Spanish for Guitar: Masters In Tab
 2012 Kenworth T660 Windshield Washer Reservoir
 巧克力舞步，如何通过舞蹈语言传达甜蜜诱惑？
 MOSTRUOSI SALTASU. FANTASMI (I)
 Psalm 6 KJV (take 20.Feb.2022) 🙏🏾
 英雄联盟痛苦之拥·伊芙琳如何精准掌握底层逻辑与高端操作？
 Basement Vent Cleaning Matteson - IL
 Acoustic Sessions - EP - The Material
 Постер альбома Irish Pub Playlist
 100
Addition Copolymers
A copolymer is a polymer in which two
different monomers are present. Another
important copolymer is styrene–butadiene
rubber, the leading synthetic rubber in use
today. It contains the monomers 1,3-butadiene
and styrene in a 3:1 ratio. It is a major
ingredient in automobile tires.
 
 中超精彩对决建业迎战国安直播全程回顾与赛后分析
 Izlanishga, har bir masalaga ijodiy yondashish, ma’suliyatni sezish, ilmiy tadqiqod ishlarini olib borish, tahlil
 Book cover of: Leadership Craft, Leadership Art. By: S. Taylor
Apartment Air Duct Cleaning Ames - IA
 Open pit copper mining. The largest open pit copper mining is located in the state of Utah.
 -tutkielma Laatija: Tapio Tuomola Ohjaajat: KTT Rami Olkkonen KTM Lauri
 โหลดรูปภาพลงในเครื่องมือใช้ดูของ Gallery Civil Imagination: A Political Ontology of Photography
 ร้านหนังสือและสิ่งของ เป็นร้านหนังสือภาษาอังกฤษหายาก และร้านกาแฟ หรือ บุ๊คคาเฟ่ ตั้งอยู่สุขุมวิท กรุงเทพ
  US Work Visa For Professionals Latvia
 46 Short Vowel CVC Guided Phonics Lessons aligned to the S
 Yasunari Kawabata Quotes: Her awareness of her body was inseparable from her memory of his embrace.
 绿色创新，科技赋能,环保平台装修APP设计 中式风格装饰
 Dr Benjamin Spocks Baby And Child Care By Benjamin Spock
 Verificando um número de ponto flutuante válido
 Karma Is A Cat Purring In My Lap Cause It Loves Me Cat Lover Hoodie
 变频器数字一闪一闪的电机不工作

## [YOUR ASSIGNMENT]
In the records above, find the line containing "ร้านหนังสือและสิ่งของ เป็นร้านหนังสือภาษาอังกฤษหายาก และร้านกาแฟ"; please retype it and every line after it through the last line, exactly and with nothing else.

## [REPLY TO THE TASK]
 ร้านหนังสือและสิ่งของ เป็นร้านหนังสือภาษาอังกฤษหายาก และร้านกาแฟ หรือ บุ๊คคาเฟ่ ตั้งอยู่สุขุมวิท กรุงเทพ
  US Work Visa For Professionals Latvia
 46 Short Vowel CVC Guided Phonics Lessons aligned to the S
 Yasunari Kawabata Quotes: Her awareness of her body was inseparable from her memory of his embrace.
 绿色创新，科技赋能,环保平台装修APP设计 中式风格装饰
 Dr Benjamin Spocks Baby And Child Care By Benjamin Spock
 Verificando um número de ponto flutuante válido
 Karma Is A Cat Purring In My Lap Cause It Loves Me Cat Lover Hoodie
 变频器数字一闪一闪的电机不工作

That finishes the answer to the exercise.